The downside with any of the tiny turbo motors is you have to buy premium fuel. With that the same or more as Diesel, where's the gain again?

Also, I thought there was a government lawsuit against ford over Ecoboost engine issues... something about moisture from the air cooler getting sucked into the engine (my memory is foggy, some googling would turn it up)

-DallanC


----------



## grizzly (Jun 3, 2012)

I have a 2010 F150 with the 5.4L. I tow a HyperLite 27HFS toy hauler. It is darn impressive how well a 1/2 ton can tow that big of a trailer. I have been north to Oregon and south to Escalante with that rig, going 70-80mph on the freeway. I get about 8 mpg fully loaded, but I know I'm over 10,000 lbs.

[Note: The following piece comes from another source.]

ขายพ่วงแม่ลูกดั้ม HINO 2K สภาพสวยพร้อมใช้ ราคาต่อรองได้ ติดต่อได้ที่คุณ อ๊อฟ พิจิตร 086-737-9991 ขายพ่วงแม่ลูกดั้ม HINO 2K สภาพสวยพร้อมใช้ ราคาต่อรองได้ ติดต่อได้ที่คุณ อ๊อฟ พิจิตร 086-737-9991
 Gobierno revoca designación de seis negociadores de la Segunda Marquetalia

From everything I have heard the EcoBoost is even better, I just can't spend the money right now.

For the record, my last truck was a 2006 F-150 with the 5.4L. Even though it was the same size truck with the same motor, it didn't handle the weight nearly as well. I don't know what improvement they made in those years (frame, suspension, transmission, anti-sway, brakes, etc...), but it was huge.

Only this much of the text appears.